Fue en esas noches donde el amor dejó de ser una promesa y se volvió verdad. Donde los silencios se llenaron de caricias y los temores se disolvieron en besos.

Gabriel descubrió que amar a Lucien era como amanecer después de siglos de oscuridad. Lucien descubrió que amarlo era recordar lo que significaba tener alma. Sus cuerpos y sus mentes se buscaban como si temieran desaparecer, entre sábanas tibias y respiraciones que se mezclaban con el sonido del viento afuera.

Cada beso era una promesa sellada.
Cada suspiro, una despedida al dolor. Hasta que una noche, mientras el fuego danzaba en la chimenea, Gabriel habló:

—Lucien… quiero que hagamos un ritual. Uno que nos proteja. Uno que haga imposible que él vuelva a encontrarnos.

Lucien alzó la mirada.

—Eso implicaría atar nuestras almas a este lugar. No podríamos marcharnos jamás.

—No quiero irme —respondió Gabriel con serenidad— Por primera vez, siento que este lugar es nuestro hogar.

Lucien lo observó en silencio. Los ojos dorados de Gabriel brillaban como oro líquido reflejando el fuego. No había miedo en ellos, solo determinación.

—Entonces lo haremos —dijo Lucien finalmente— Pero no será fácil.

—Nada que valga la pena lo es. —Gabriel sonrió con ternura— Enséñame.

El ritual comenzó al amanecer. Ambos vistieron capas oscuras y salieron al bosque cubierto de nieve. La neblina era tan espesa que el mundo parecía reducido a ellos dos. Lucien llevaba en sus manos una antorcha encendida; Gabriel, un cuenco con agua del lago helado.

Caminaron alrededor del pueblo en círculos, dejando una marca invisible a cada paso. Lucien recitaba en voz baja antiguos versos latinos, mientras Gabriel repetía las palabras con voz temblorosa, sintiendo el poder fluir a través de su cuerpo.

Las ramas se mecían con el viento, pero no había sonido de pájaros.
Solo el murmullo del hechizo y el crujir de la nieve bajo sus botas.

—Este círculo… —explicó Lucien, mientras colocaba la antorcha sobre un montículo de piedras— …sellará el límite de nuestras mentes.
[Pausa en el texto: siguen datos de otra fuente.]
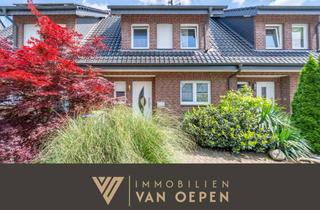 Einfamilienhaus kaufen in 46238 Batenbrock, Einfamilienhaus in Bottrop-Batenbrock mit großem Wohnbereich und Garten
Ninguna energía podrá cruzarlo sin nuestro consentimiento.

Gabriel derramó el agua sobre la llama. Un vapor blanco se elevó, girando en espiral hasta desaparecer.

—¿Y si intenta romperlo? —preguntó.

Lucien lo miró, acercándose hasta poder sentir su respiración.

—Entonces sabremos que lo hemos hecho bien. Porque para tocarte, tendría que destruir el mundo.

Gabriel sonrió, y lo besó. El aire se llenó de un resplandor tenue. La nieve pareció detener su caída. Una luz dorada, la de Gabriel, y una azul, la de Lucien, se elevaron juntas, mezclándose hasta formar un anillo luminoso que rodeó el pueblo entero, expandiéndose más allá del horizonte.